First, the backwards for loop. This code underflows for len=0.
for (size_t i = len-1; i >= 0; i--) { // Bad: Underflows for len=0
use(a[i]);
}
There's the --> "operator" trick, which looks strange if you're not used to it.
for (size_t i = len; i--> 0;) {
use(a[i]);
}
You can use a signed type for the loop index variable, but that overflows if len > INT_MAX. Many people and organizations considers that risk so minimal that they just stick to int.
for (int i = len-1; i >= 0; i--) { // BAD: overflows for len < INT_MAX
use(a[i]);
}
So I've settled for this construct, since it's closest to the canonical for-loop form and has the simplest expressions.
for (size_t i = len; i > 0; i--) {
size_t pos = i-1;
use(a[pos]);
}
My problem iterating from 0 to len-1
That is, looping over the range [0, len-1). This loop underflows when len=0.
for (size_t i = 0; i < len-1; i++) { // BAD: Underflows for len=0.
use(a[i]);
}
As for the iterating backwards case, you can use signed integers but that may cause overflows.
for (int i = 0; i < len-1; i++) { // BAD: Will overflow if len > INT_MAX
use(a[i]);
}
I tend to add another expression to the loop condition, checking for len > 0, but that feels clumsy.
for (size_t i = 0; len > 0 && i < len-1; i++) {
use(a[i]);
}
I can add an if statement before the loop, but that also feels clumsy.
Is there a less bulky way of writing a for loop with unsigned index variables looping from 0 to len-1?
There are two cases here.
Iterating forward from 0 to len - 2 inclusive
for (size_t i = 0; i + 1 < len; ++i) {
size_t index = i;
// use index here
}
Iterating backward from len - 2 to 0 inclusive
for (size_t i = len; i > 1; --i) {
size_t index = i - 2;
// use index here
}
How about
for (size_t i = 0; i+1 < len; i++) {
use(a[i]);
}
In all these cases, you have one common theme: You have an index that has a start value. It gets incremented or decremented until it reaches the end value, which terminates the loop.
One thing that helps here is to make these two values explicit. In the simplest case, forward-iterating the whole range, the end value is simply len:
for (size_t i=0, end=len; i!=end; ++i) {
///...
}
This follows the general advise given to people using iterators. In particular, pay attention to the comparison, which works here and which is actually required for some iterators.
Now, backward iterating:
for (size_t i=len-1, end=-1; i!=end; --i) {
///...
}
Lastly, iterating a subset excluding the last n elements of the range backwards:
if (len > n) {
for (size_t i=len-n-1, end=-1; i!=end; --i) {
///...
}
}
Actually, what you were fighting with was your attempt to put too much stuff into the loop logic. Just be explicit that this requires more than n elements in order to do anything at all. Yes, you could put len > n into the loop condition, but that wouldn't give you clear and simple code who's intention anyone understands.

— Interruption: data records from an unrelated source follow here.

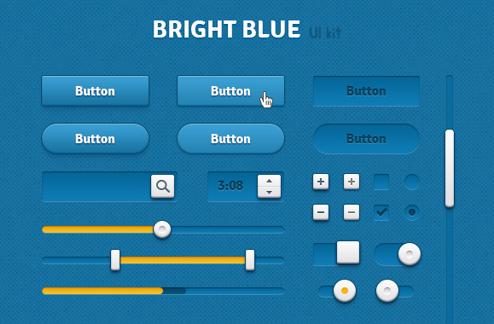 Bright Blue UI Kit - Retina Ready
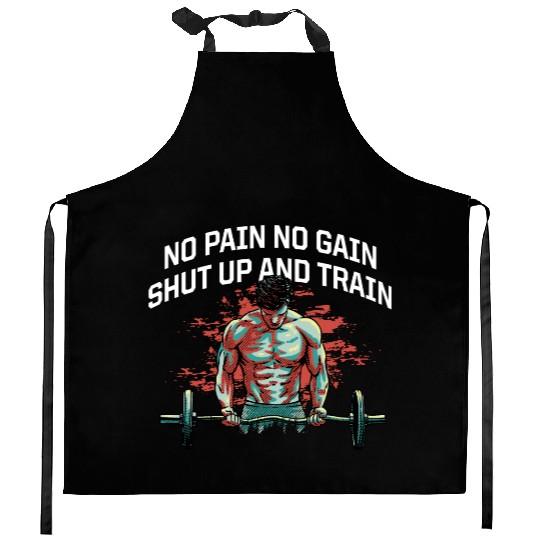 Shut Up and Train Funny Workout Humor Gym Sayings Kitchen Aprons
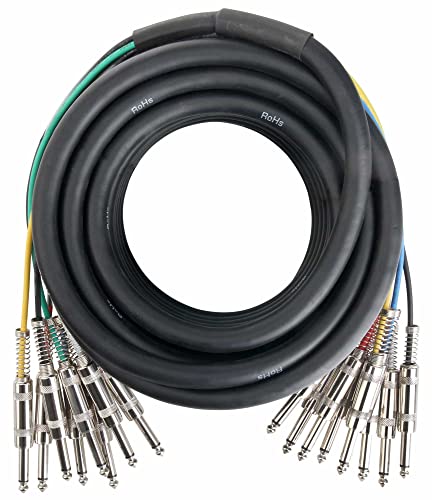 Pronomic Stage MJJ8-10 Multicore Kabel 8 x 6,3 mm Klinke mono auf 8 x 6,3 mm Klinke mono 10 m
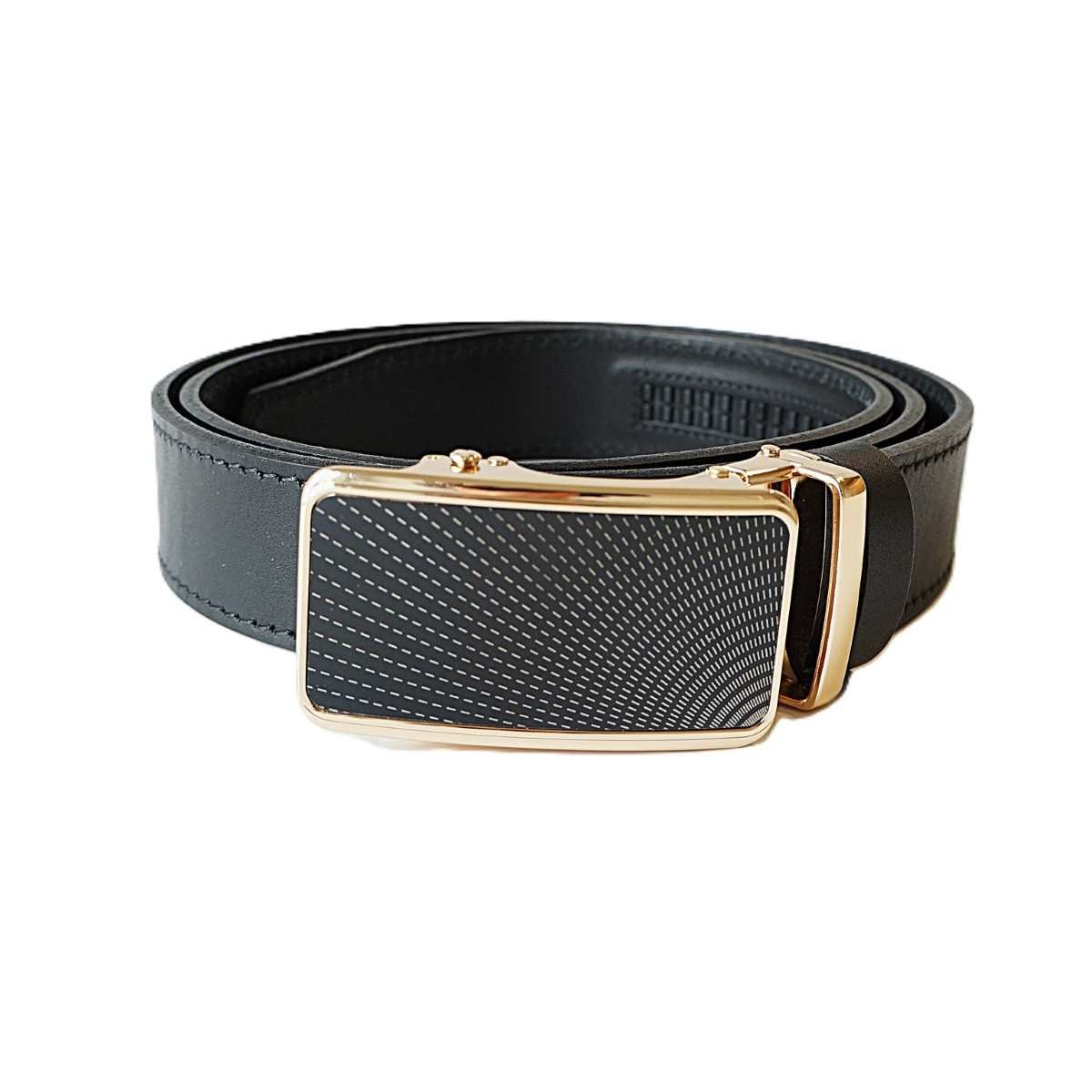 Black automatic leather belt AUTO GRIP ME35065 for men 3.5 cm Noble Belts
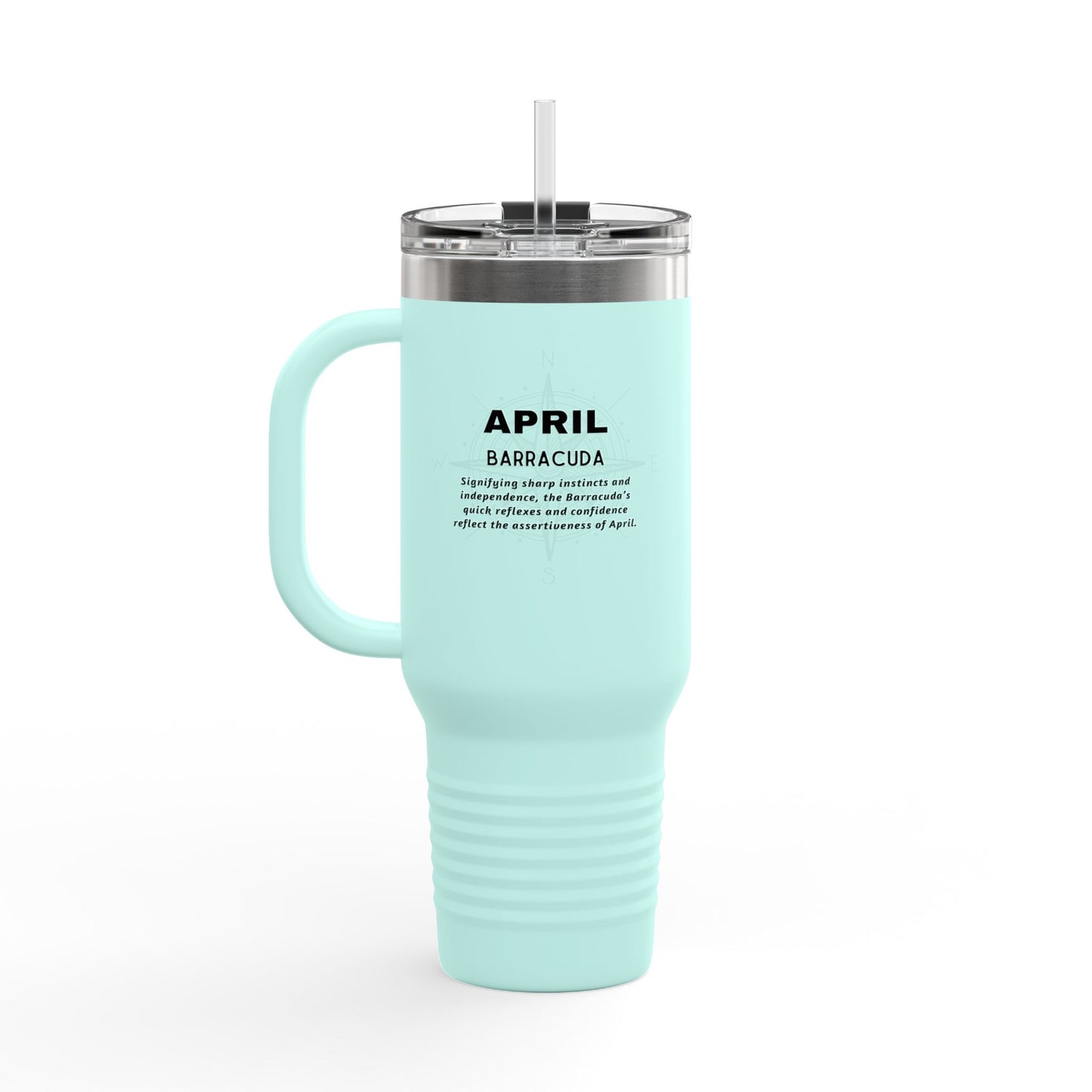April birth month travel mug in light blue with handle and clear lid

I tend to add another expression to the loop condition, checking for
len > 0, but that feels clumsy.
Your code should follow the logic. It is not clumsy at all. And it is much more readable for humans.
As the loop makes no sense if the len == 0 and I usually use the if statement. It makes the code easy to understand and maintain.
if(len)
{
for (size_t i = 0; i < len-1; i++) { /*...*/ }
}
or you can also add the check in the loop. BTW you only check if it is not zero.
for (size_t i = 0; len && i < len-1; i++) { /*...*/ }
There are many possible answers for this question. Which is best is opinion based. I'll offer some options.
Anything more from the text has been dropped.